The following morning Edward opened the under-stair cupboard and pulled a wooden box from its recesses. Two blue phials containing love and a single green phial holding sorrow were all that remained of his potions. Not only were they challenging to collect, but he didn’t dare sell them frequently enough to attract the attention of the law. Among the empty containers in the box were some clear phials for the occasional odd request but, in general, few people sought anything other than love or revenge.
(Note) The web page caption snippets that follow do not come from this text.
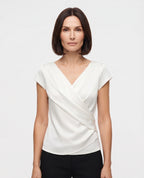 Women's fitted short-sleeve V-neck blouse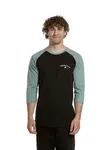 Meatfly pánské tričko s dlouhým rukávem Kennedy Raglan Dusty Mint / Black | Černá | Velikost S | 100% bavlna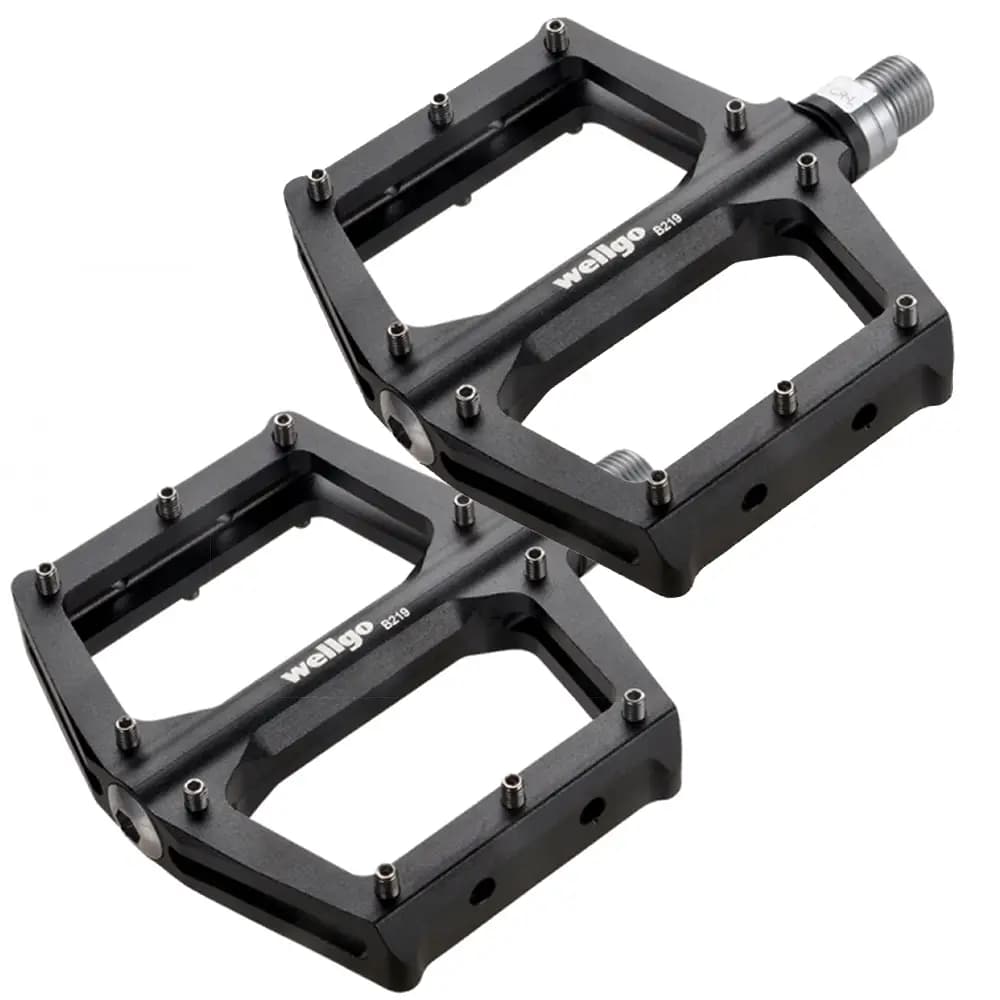 خرید رکاب پدال پهن میخ دار Wellgo B219 دوچرخه آلومینیوم میخ دار بلبرینگی / Wellgo B219 Axle Cr-Mo Spindle 9/16″ DU Seal Bearing Aluminum Alloy Performance Bicycle Pedals for MTB ATB Road and Fixe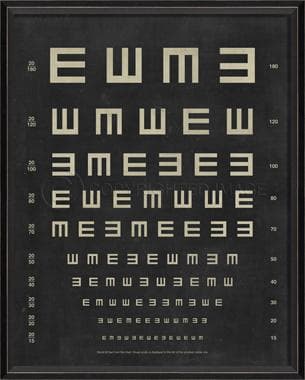 Eye Chart - Tumbling E Framed Print 30" x 24"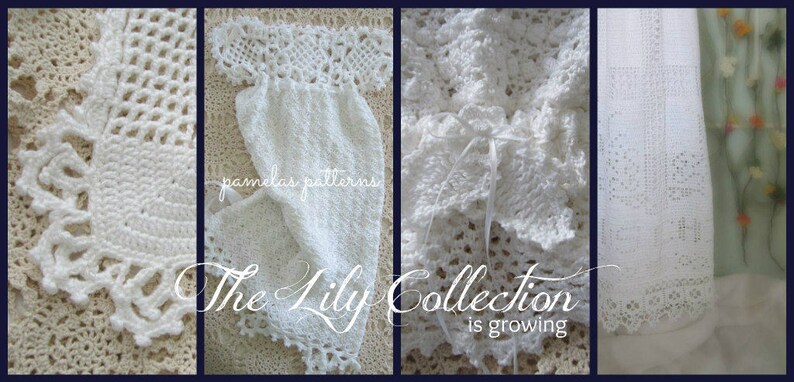May include: Four close-up images of white crocheted fabric. The fabric is delicate and intricate, with a variety of patterns. The text "The Lily Collection is growing" is visible in the bottom right corner of the image.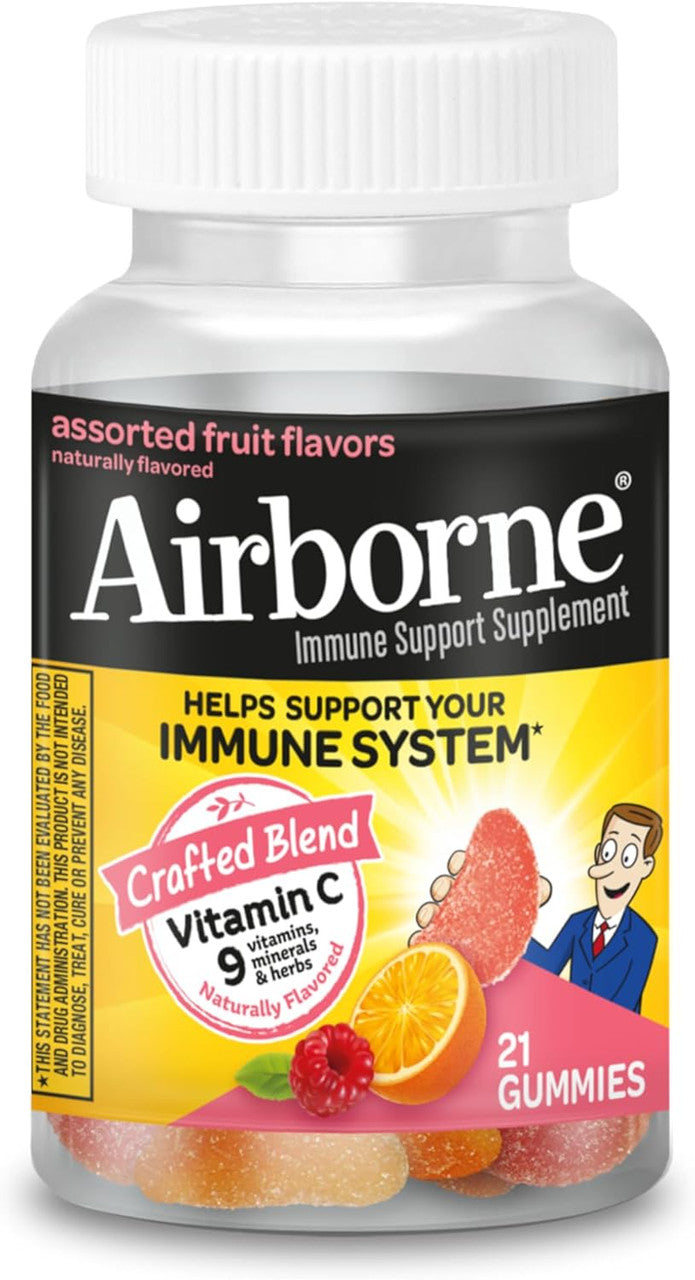Airborne Immune Support Supplement Gummies, Assorted Fruits - 21 Ea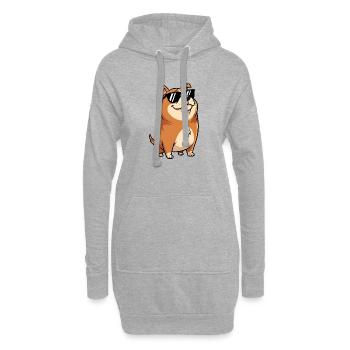 Dicker Dackel mit Sonnenbrille - Hoodie-Kleid - Grau meliert - Vorne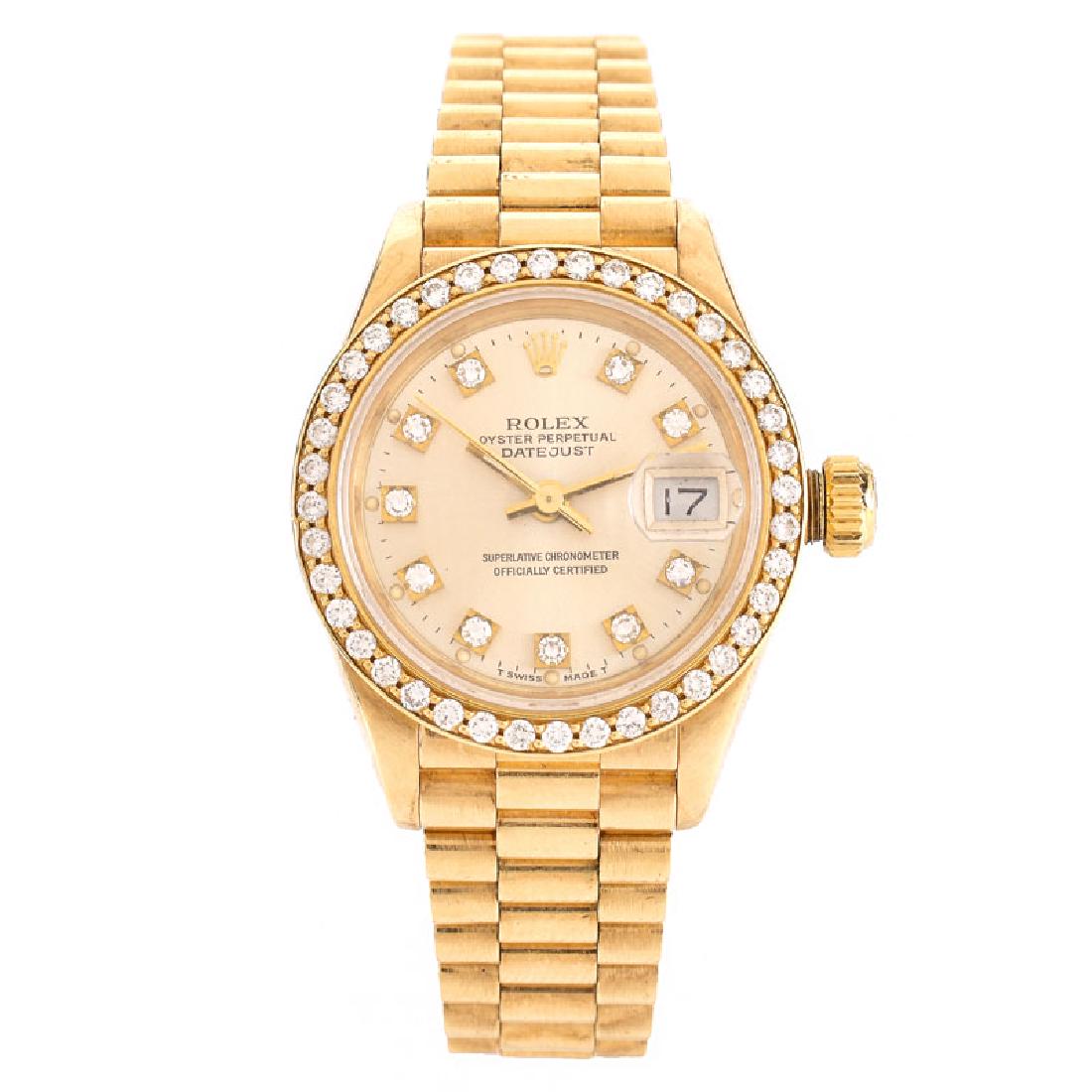 Lady's Rolex Presidential 18 Karat Yellow Gold Bracelet (1 of 7)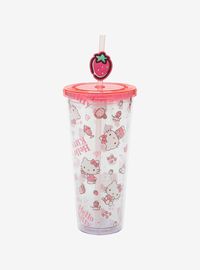 Spending the day eating yummy treats with your Sanrio bestie? Wash them down with a refreshing drink! Take a sip out of this acrylic travel cup featuring an allover print of Hello Kitty  strawberries and desserts. Comes with a screw-on lid and a reusable straw with a strawberry topper.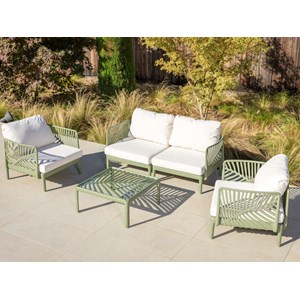 Salon de jardin henderson vert sauge - 4 places - jardiline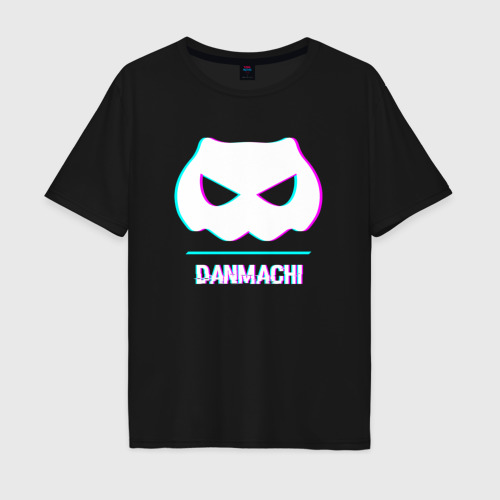 Мужская футболка хлопок Oversize с принтом Символ DanMachi в стиле glitch, вид спереди #2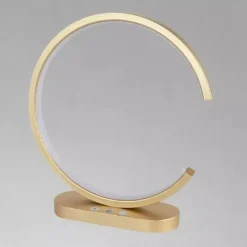 LAMPADA DA TAVOLO LED 12 W DESIGN CURVA ORO TOUCH SCRIVANIA COMODINO IP20 32729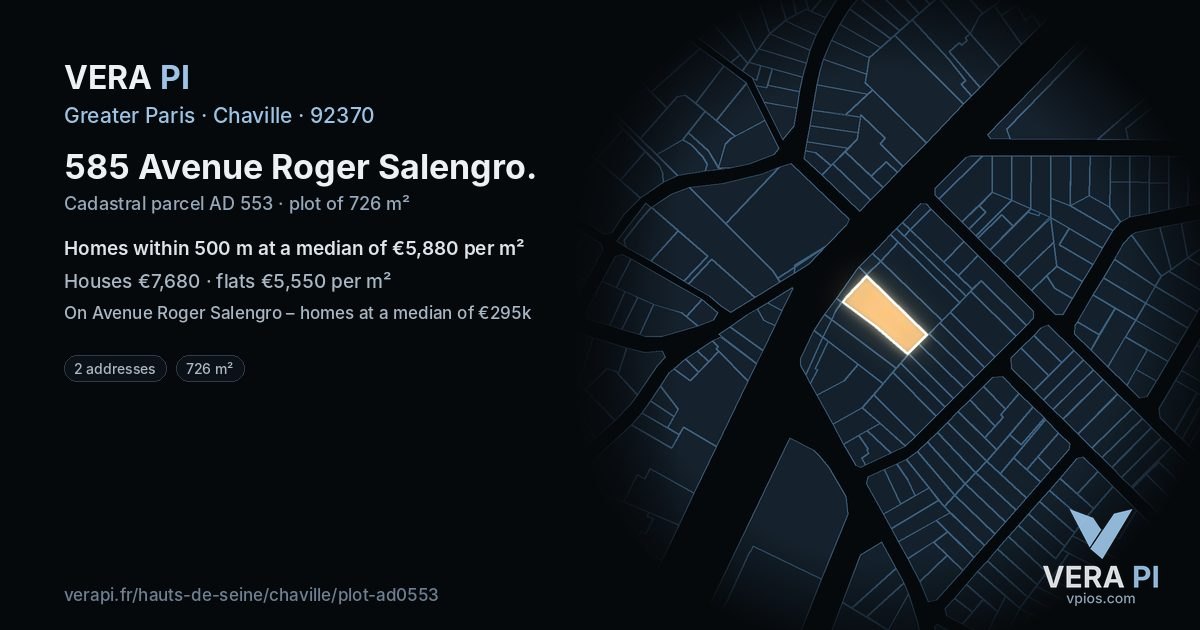 585 Avenue Roger Salengro, Chaville at night – the plot lit, the parcels around coloured by the prices near them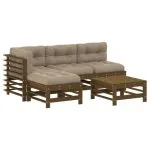 Set mobilier grădină cu perne, 5 piese, maro miere, lemn masiv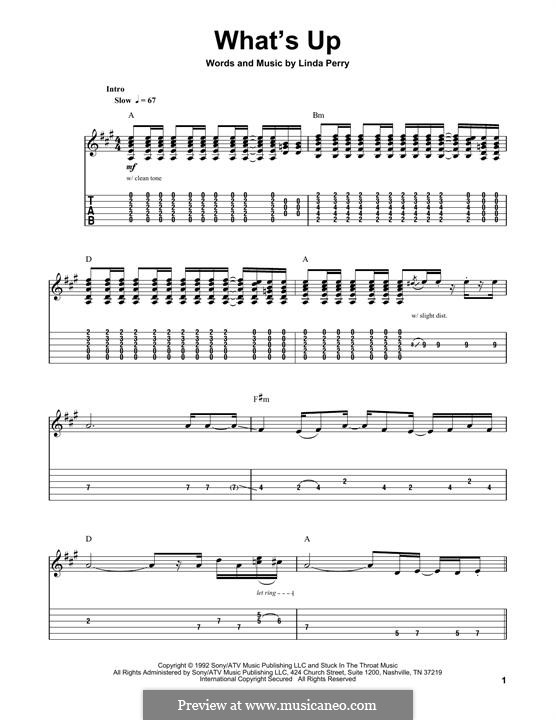 What's Up (4 Non Blondes): For guitar with tab by Linda Perry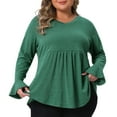 thumbnail image 2 of DARING DIVA Women's Plus Long Sleeve Flared Sleeves Peplum Top 1X Green, 2 of 5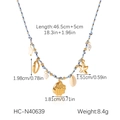Detalle de medidas para collar boho azul con colgantes de concha y estrella de oro 18k - Collar Trenzado Azul Estilo Océano (HC-N40639)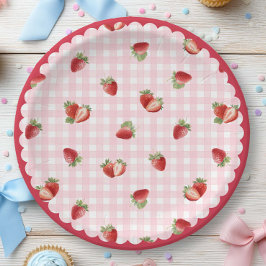 Fresh Strawberry with Pink Gingham Pattern ペーパープレート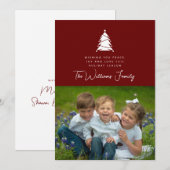Invitation AJOUTER VOTRE PHOTO | Joyeux Noël Arbre de Noël (Devant / Derrière)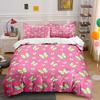 Pink Background With Yellow Butterflies Print Bedding Set 1 Duvet Cover 2 Pillowcases For Adult Children Luxury Gift Full Size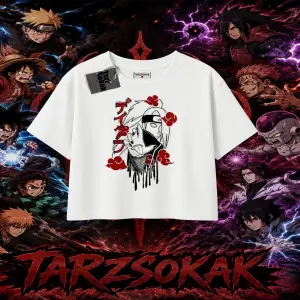 Deidara Naruto Anime Karakteri Kadın Crop Tişört Beyaz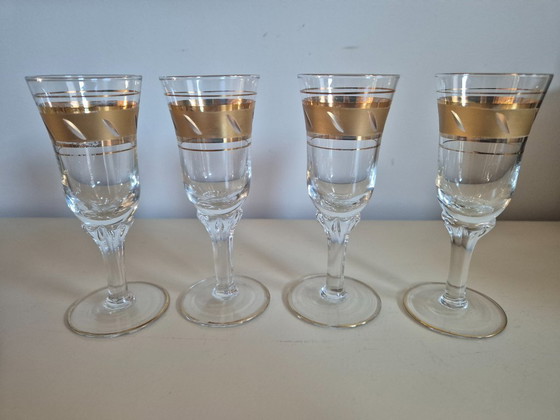 Image 1 of Magnifique ensemble de verres à porto/liqueur vintage à décor doré des années 1960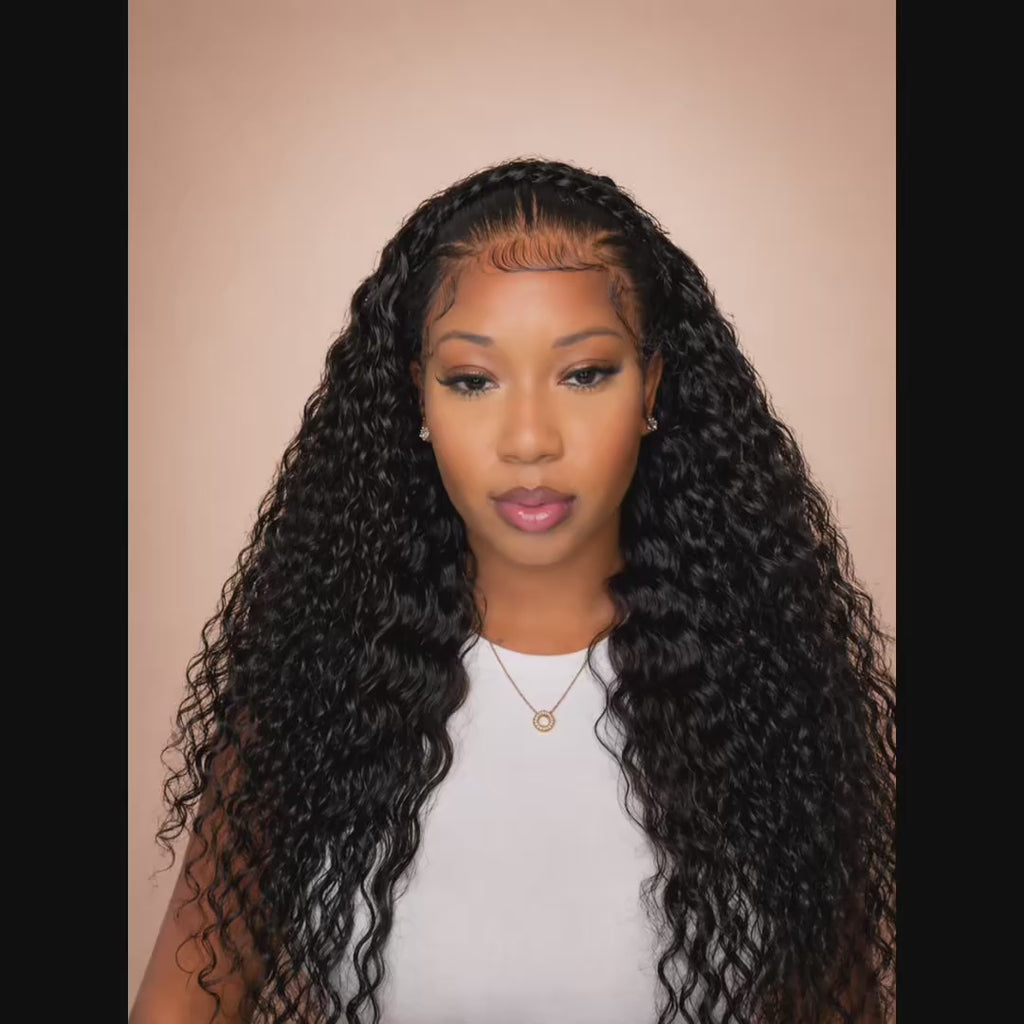 Pre-Braided Deep Wave HD Lace Wig – Pre-Plucked & Ready to Wear(13x4)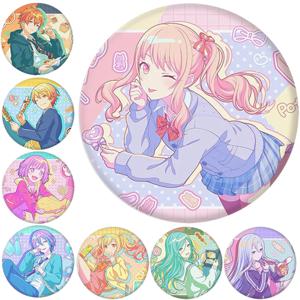 58mm 애니메이션 PJSK 생일 코스프레 의상 배지 핀 SPTE Tinplate 브로치 소품 크리스마스 선물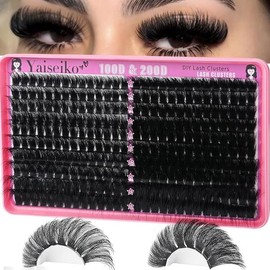 Yai Lash 클러스터 100D+200D 두꺼운 속눈썹 12-25mm Wispy 개별 메가 볼륨 Lashs D C 연장 280Pcs 집에서 DIY 연장, Yai (식물 섬유) [04 Wispy 14-24MM 60+80+100D Lash Clusters] Lash Cluster 100D+200D Thick Eyelashes 12-25mm Wispy Individual Mega Volume Lashes D C Extension 280Pcs Home DI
Edward placed an empty phial in his pocket and left Samuel in the care of a neighbor, then stopped at his landlord’s and paid the surprised man a year’s rent in advance before beginning his journey. He weighed again the personal cost, body and soul, to collect this potion against his and Samuel’s need for the money. Again the scales favored need.

An hour later he crossed Moorfields and the outline of Bethlem Royal Hospital appeared beyond the open fields. Bedlam—as most folk called it—loomed heavy and foreboding, like a pale, stone monster unable to move for the sheer mass of victims it had gorged upon. Multiple eyes of black barred windows dotted the walls, and the shrieks and moans drifting from those windows sounded like nothing human. Somewhere within the bowels of that monster lay his mother.